* **Collection entries**:
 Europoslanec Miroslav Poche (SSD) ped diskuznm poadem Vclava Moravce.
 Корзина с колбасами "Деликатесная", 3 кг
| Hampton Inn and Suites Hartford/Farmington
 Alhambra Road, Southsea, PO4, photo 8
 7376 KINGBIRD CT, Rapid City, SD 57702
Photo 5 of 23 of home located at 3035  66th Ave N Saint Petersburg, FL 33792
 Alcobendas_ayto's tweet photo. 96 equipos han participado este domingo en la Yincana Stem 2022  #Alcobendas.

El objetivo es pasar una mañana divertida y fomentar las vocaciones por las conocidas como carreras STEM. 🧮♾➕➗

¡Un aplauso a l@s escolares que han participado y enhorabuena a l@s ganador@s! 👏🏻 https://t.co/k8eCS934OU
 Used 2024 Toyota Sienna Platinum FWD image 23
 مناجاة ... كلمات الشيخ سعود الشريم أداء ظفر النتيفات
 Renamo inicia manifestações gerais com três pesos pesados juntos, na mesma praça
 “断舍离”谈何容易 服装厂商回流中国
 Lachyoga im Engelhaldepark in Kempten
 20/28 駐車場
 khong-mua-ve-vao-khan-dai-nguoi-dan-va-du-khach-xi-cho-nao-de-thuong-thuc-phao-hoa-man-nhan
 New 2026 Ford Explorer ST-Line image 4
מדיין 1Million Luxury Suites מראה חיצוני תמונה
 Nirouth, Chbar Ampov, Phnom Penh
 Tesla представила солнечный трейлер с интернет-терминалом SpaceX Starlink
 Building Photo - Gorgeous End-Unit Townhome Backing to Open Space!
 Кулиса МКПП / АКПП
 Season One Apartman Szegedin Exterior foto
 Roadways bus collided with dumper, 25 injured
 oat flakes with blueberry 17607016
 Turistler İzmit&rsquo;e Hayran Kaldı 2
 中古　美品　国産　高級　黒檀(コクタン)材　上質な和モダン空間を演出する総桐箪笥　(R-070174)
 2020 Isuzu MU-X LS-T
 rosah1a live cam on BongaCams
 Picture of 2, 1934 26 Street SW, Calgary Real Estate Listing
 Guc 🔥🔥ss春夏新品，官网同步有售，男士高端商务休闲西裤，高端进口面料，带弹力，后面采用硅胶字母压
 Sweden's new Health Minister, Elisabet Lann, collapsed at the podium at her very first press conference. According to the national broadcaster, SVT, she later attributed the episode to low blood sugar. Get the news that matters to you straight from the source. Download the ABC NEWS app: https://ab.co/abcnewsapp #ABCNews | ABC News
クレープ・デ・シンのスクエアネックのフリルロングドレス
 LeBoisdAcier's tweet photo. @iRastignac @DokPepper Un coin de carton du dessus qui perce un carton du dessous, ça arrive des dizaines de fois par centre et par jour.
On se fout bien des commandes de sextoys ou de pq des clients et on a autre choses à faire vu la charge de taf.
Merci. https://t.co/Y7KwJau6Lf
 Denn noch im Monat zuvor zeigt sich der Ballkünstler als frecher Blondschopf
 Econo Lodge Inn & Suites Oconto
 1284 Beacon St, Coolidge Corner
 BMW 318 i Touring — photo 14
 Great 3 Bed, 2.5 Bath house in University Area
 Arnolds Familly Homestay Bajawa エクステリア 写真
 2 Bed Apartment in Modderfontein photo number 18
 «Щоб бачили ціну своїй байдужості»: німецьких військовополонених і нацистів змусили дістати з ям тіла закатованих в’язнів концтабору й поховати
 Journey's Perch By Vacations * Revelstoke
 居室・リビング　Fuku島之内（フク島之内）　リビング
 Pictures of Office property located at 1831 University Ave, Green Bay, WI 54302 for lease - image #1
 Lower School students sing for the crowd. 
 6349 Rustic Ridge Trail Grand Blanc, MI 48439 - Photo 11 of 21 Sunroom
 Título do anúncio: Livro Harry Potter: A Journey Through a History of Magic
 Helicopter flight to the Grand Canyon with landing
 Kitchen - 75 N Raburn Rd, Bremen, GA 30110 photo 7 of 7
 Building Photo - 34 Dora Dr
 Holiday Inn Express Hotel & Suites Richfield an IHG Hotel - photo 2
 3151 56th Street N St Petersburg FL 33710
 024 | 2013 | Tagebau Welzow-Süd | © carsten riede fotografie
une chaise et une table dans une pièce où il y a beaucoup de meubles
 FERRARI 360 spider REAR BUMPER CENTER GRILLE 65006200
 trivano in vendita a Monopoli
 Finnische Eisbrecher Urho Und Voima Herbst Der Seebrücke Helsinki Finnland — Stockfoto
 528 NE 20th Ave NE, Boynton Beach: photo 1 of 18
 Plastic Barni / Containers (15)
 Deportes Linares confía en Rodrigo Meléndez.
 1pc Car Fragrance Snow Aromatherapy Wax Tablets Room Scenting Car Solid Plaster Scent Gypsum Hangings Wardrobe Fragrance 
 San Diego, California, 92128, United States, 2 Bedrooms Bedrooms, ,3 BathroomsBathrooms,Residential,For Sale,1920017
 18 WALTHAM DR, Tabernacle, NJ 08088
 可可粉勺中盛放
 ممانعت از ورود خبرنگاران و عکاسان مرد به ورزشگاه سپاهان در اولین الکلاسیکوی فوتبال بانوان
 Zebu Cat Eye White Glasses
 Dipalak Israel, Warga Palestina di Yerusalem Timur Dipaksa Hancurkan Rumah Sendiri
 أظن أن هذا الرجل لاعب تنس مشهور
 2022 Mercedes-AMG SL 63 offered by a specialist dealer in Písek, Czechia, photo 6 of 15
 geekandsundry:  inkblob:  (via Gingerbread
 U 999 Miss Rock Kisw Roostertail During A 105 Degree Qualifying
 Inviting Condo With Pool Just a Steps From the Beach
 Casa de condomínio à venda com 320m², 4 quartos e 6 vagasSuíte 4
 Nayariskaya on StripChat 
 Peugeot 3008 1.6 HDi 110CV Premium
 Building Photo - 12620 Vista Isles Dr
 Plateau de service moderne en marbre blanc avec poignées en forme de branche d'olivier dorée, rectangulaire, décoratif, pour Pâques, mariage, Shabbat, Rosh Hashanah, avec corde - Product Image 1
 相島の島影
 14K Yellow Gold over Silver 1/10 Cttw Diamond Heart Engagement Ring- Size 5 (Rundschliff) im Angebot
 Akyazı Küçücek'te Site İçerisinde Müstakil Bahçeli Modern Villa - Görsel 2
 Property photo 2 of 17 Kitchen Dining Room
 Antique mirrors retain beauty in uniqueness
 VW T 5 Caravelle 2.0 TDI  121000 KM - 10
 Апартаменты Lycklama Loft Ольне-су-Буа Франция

* **Work instructions**: Your answer should be one number: the count of lines in the records above that contain "located".

* **Written response**: 2